目をつぶると、アリレザのことが思い出された。お金があっても、彼は幸せそうにはみえなかった。
"じゃあ、ぼくは幸せだろうか……"
「運動靴と赤い金魚」 マジド・マジディ脚本(青林霞編訳)角川書店
1977年に種々の賞を獲得、第71回アカデミー賞外国語映画賞にもノミネートされたイラン映画である。表紙を見て「脚本」というからちょっとどきどきしてページを繰ったが、小説のかたちをとっており読みやすい。
イランの貧しい兄妹、アリとザーラ。低賃金に苦しみ、家族を養えない自分に傷ついている父と、病身の母親。幼いながらも家族の窮状をよく知るアリは、父親の誇りとなる息子であるために勉強に励み、学校でも優秀な生徒として認められている。ところがある日、アリは修理のために靴屋に持っていったザーラの靴をなくしてしまう。

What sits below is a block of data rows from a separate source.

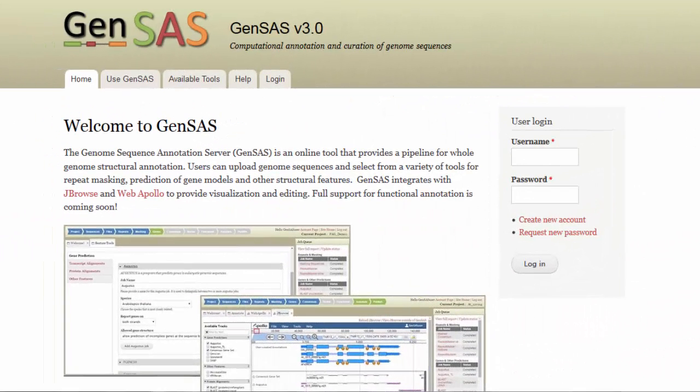Hello, and welcome to the video tutorial for the use of GenSaaS, the Genome Sequence Annotation Server. Today, I will be showing you how to create a new annotation project.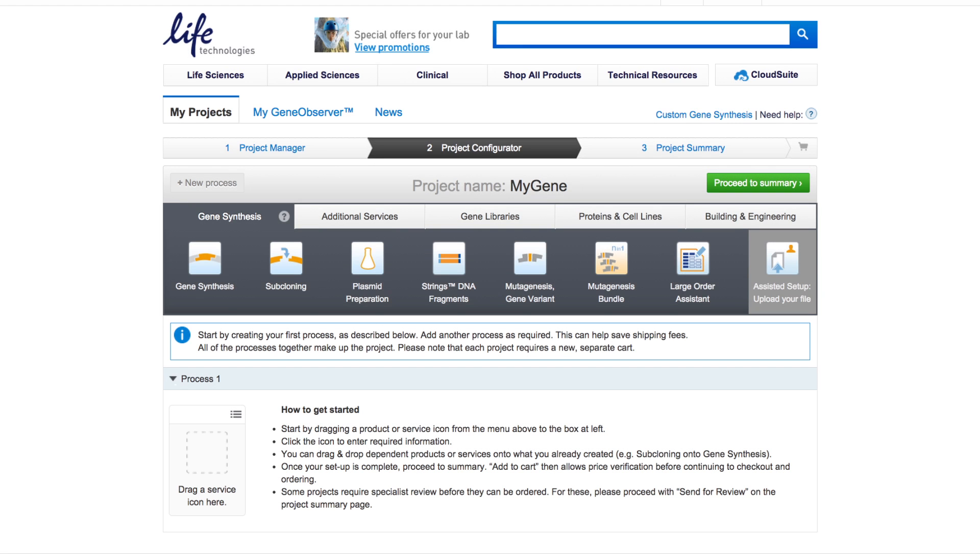Genart Large Order Assistant. The Large Order Assistant supports efficient ordering of large projects. Up to 50 strings DNA fragments or fully cloned genes with optional subcloning and plasmid preparation can be handled in one process.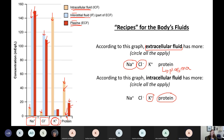You would get partial credit for that — we would just need to add in the proteins as well. The big idea with this whole 'recipes' thing is I want you to know what the most important things are in each of these fluids. What makes interstitial fluid different from plasma is the level of proteins — that's the thing that's most different between the two of them.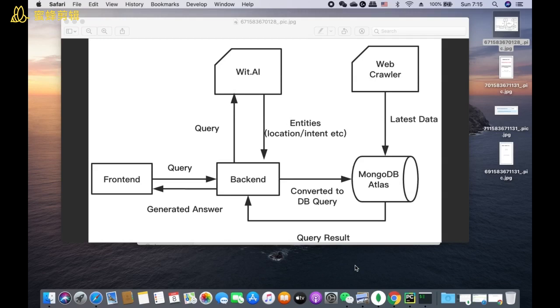Users could type some questions about coronavirus at the frontend. The frontend will transmit these questions to the backend, then the backend will call the API of wit.ai to translate these text questions into intent and location data, so that we could use this data to search and fetch the data stored in MongoDB Atlas database.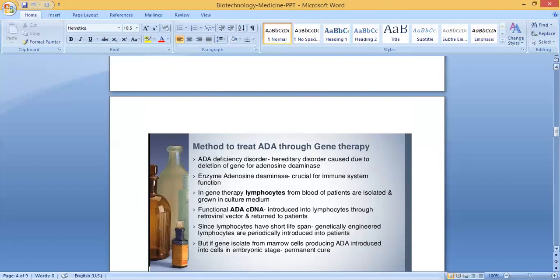If the gene isolated from bone marrow cells producing ADA is introduced into cells at the embryonic stage, that is a permanent cure. So introducing the gene at the embryonic stage will result in a permanent cure.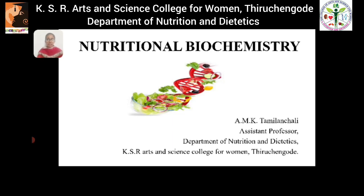I am Mr. Malanchali, Assistant Professor, Department of Nutrition and Dietetics from KSR College of Science, Government. In this video, we are going to see about the topics covered under nutrition biochemistry, which are metabolism of lipids, integration of metabolism of carbohydrate, protein and lipids, and brief concepts of xenobiotics and nutrigenomics.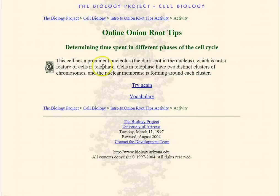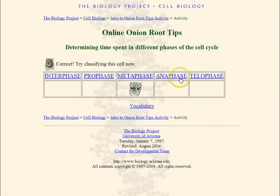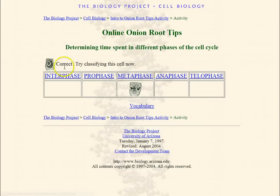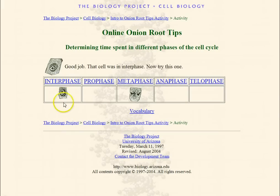Let's say telophase. It says nope — this cell has a prominent nucleolus, which is not part of the cells in telophase. Telophase has two distinct clusters. So I'm going to try again — I know it's not telophase. In this case right here, I can see the nucleus and the nucleolus. That tells you it's going to be in interphase, so you put it down there.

けれどザーラの靴はそれ一足なのだ。アリにも余分な靴などあろうはずもない。家庭の苦しさを知るアリは靴を無くしたことを告白できず、自分の靴をザーラと交替ではくことにする。男の子用の、しかもぶかぶかの運動靴を我慢してはくザーラの哀しみと、アリの苦しみ。そんなある日、アリはマラソン大会の三等賞の副賞が運動靴であることを知る……アリの純真で一途な行為のこのクライマックスは感動的だ。
貧しいものと富めるもの。その不公平をしっかりと描きながら、けれどここには富めるものの忘れてしまった「なにか」がある。豊な国に暮らしているわたしたちが考えなければならないものを、この本が教えてくれたような、そんな気がした。